━━━ MATERIAL FOR THIS TASK

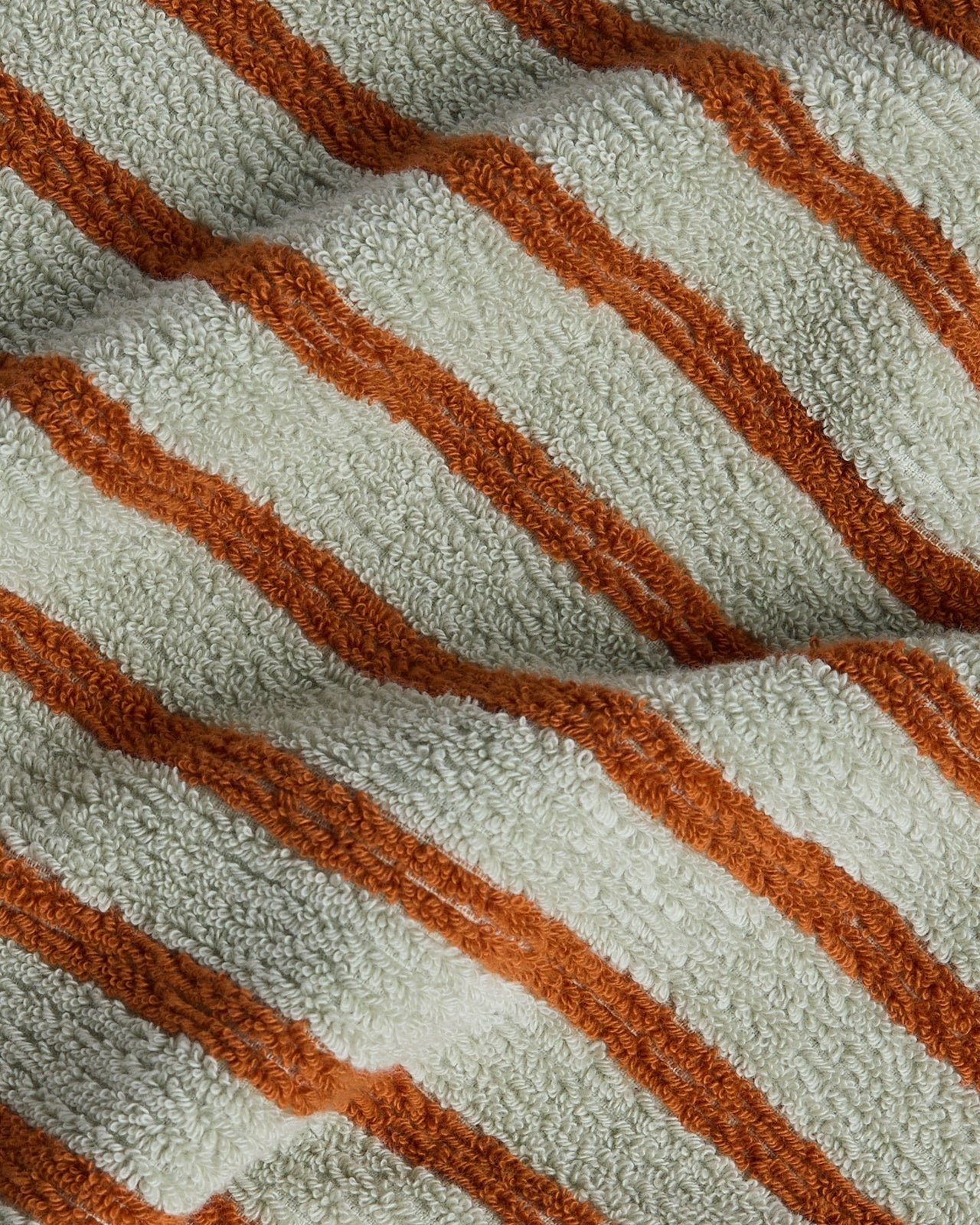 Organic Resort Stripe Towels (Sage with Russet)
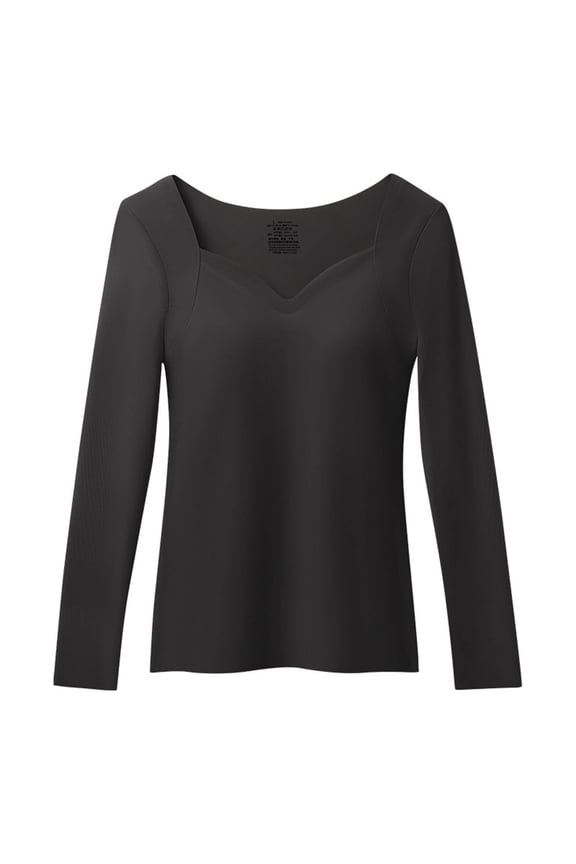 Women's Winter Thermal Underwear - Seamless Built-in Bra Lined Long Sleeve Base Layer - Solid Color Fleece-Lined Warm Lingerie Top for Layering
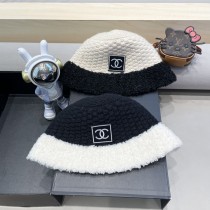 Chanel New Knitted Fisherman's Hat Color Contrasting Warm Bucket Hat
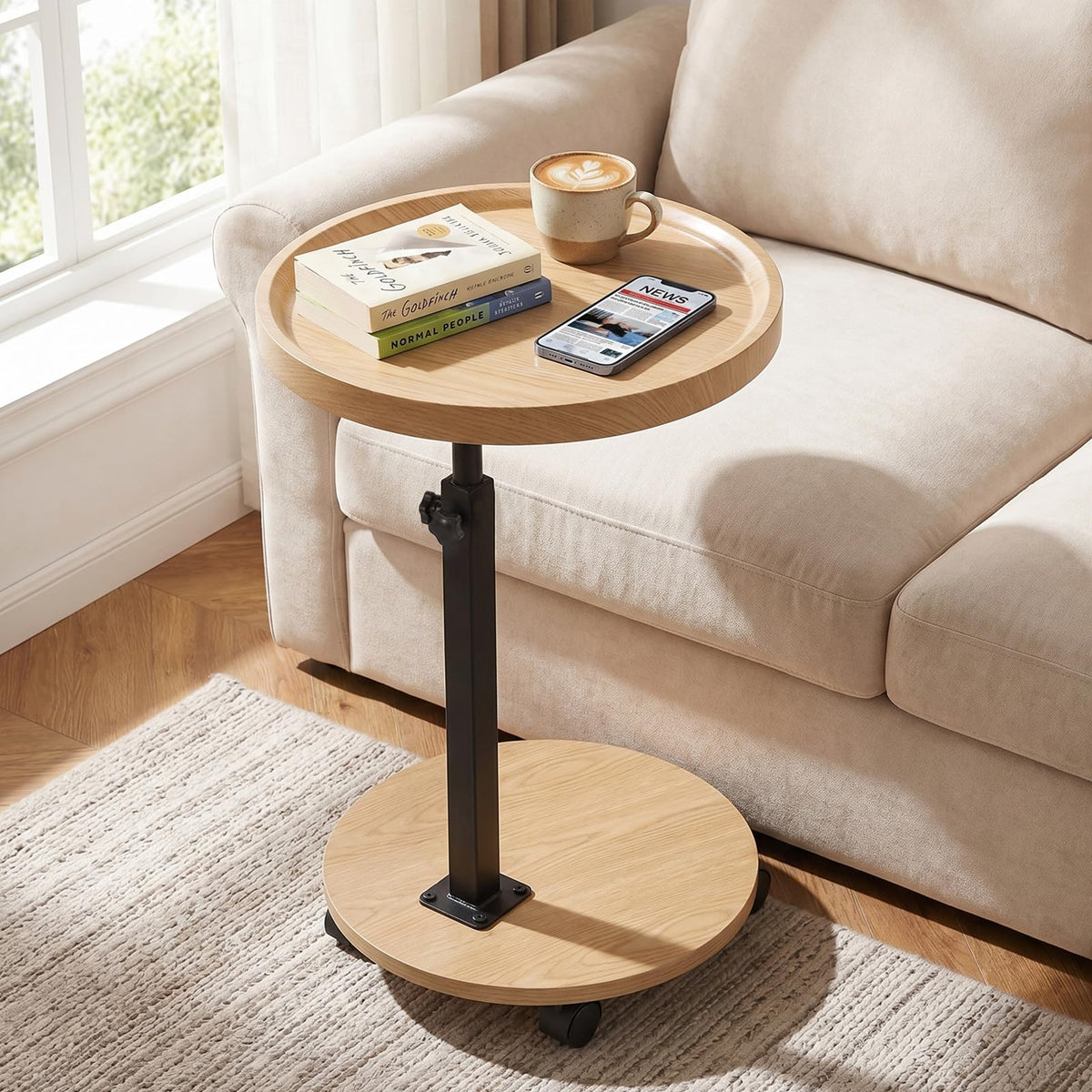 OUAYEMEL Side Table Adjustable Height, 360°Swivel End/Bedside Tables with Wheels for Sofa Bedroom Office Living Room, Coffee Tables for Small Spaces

━━━━━━
━━━ MATERIAL FOR THIS TASK

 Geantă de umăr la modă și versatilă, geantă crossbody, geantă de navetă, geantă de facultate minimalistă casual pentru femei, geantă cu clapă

━━━━━━

### ACTIVITY:
Please repeat, exactly as written, the lines in the records above, starting with the one that has "Women's Winter Thermal" and going on through the one that has "OUAYEMEL Side Table". Pictures are to be left out.

### SOLUTION TO THIS EXERCISE:
 Women's Winter Thermal Underwear - Seamless Built-in Bra Lined Long Sleeve Base Layer - Solid Color Fleece-Lined Warm Lingerie Top for Layering
 Chanel New Knitted Fisherman's Hat Color Contrasting Warm Bucket Hat
 OUAYEMEL Side Table Adjustable Height, 360°Swivel End/Bedside Tables with Wheels for Sofa Bedroom Office Living Room, Coffee Tables for Small Spaces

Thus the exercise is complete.